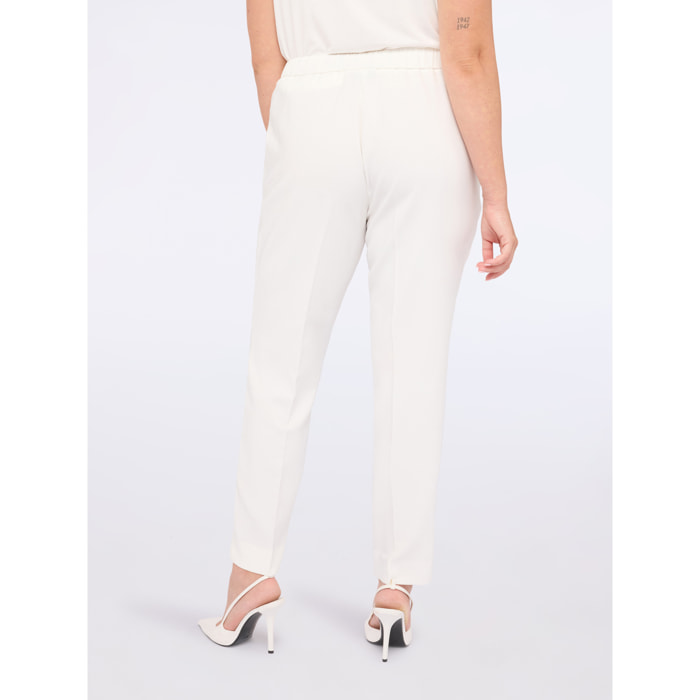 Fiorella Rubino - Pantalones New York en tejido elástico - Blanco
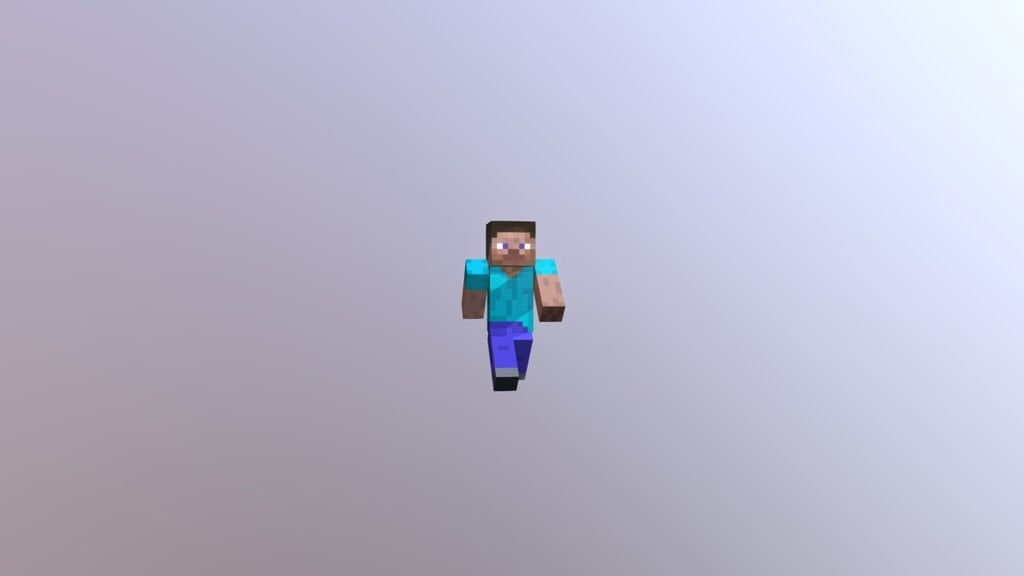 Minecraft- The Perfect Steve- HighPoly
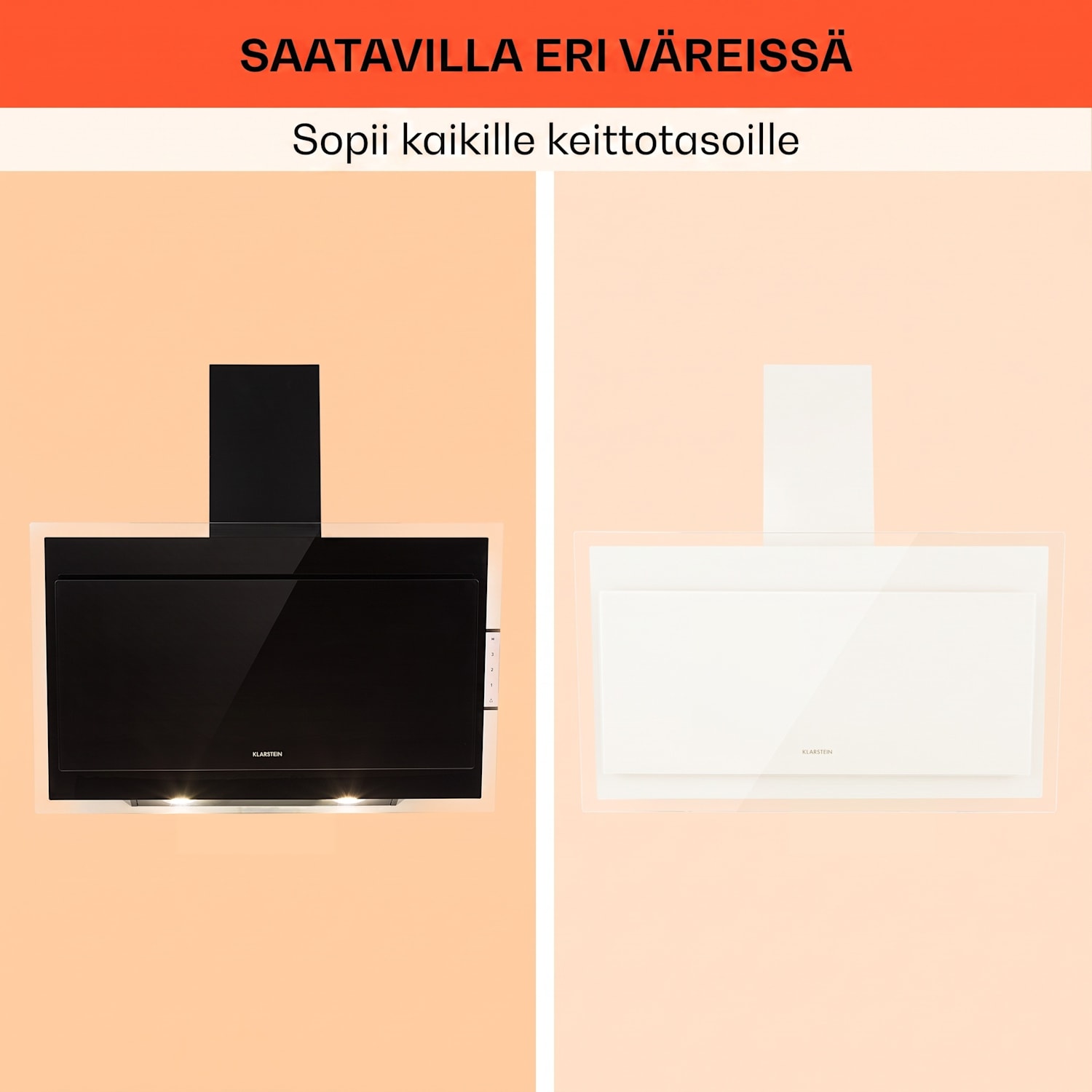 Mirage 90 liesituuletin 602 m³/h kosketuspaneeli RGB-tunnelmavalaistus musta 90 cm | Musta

::::

__Aim of the task__:
Drop the pictures and reproduce the rest of the data exactly.

__Expected answer__:
 Fiorella Rubino - Pantalones New York en tejido elástico - Blanco
 Minecraft- The Perfect Steve- HighPoly
 Mirage 90 liesituuletin 602 m³/h kosketuspaneeli RGB-tunnelmavalaistus musta 90 cm | Musta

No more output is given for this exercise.